(RECORDS SUPPLIED begins)
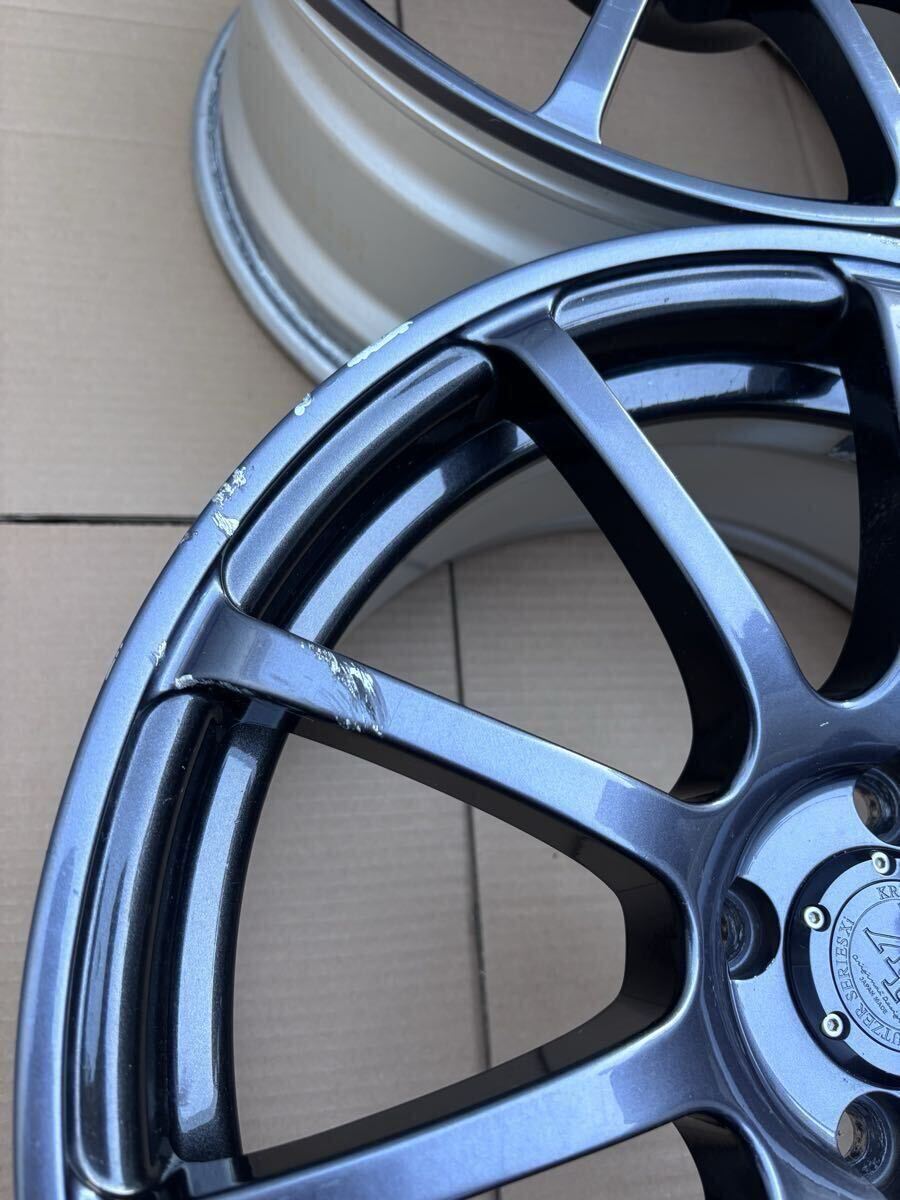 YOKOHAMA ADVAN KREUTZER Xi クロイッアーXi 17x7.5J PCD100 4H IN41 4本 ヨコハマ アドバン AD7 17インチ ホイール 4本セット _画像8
(RECORDS SUPPLIED ends)
(RECORDS SUPPLIED begins)
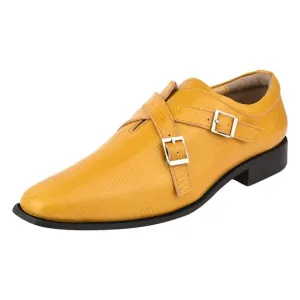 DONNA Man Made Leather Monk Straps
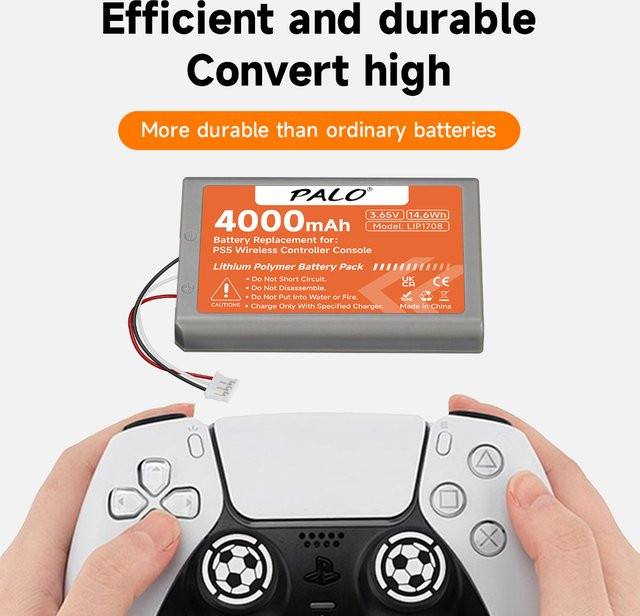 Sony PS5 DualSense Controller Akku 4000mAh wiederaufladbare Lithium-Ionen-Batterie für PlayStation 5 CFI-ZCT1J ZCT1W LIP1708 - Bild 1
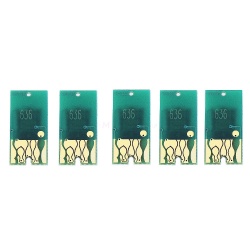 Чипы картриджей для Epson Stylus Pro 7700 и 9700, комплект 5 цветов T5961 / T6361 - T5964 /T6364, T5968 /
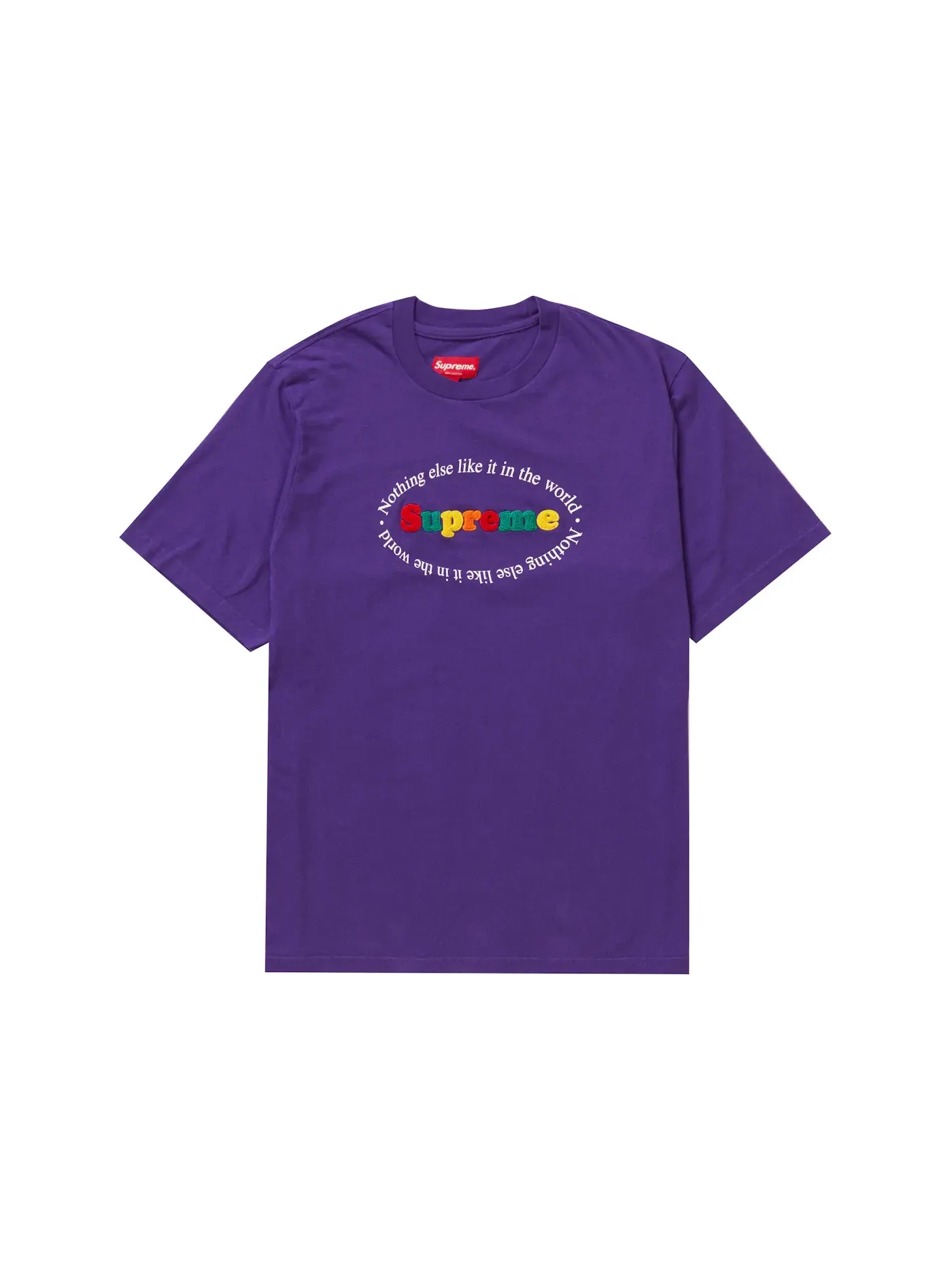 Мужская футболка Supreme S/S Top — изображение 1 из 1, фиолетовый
(RECORDS SUPPLIED ends)
> AIM OF THE TASK
In the records above, find the line with "DONNA Man Made Leather Monk Straps" and the line with "Мужская футболка Supreme", then restate word for word only those two lines and all lines between, omitting pictures.

> YOUR SOLUTION
 DONNA Man Made Leather Monk Straps
 Sony PS5 DualSense Controller Akku 4000mAh wiederaufladbare Lithium-Ionen-Batterie für PlayStation 5 CFI-ZCT1J ZCT1W LIP1708 - Bild 1
 Чипы картриджей для Epson Stylus Pro 7700 и 9700, комплект 5 цветов T5961 / T6361 - T5964 /T6364, T5968 /
 Мужская футболка Supreme S/S Top — изображение 1 из 1, фиолетовый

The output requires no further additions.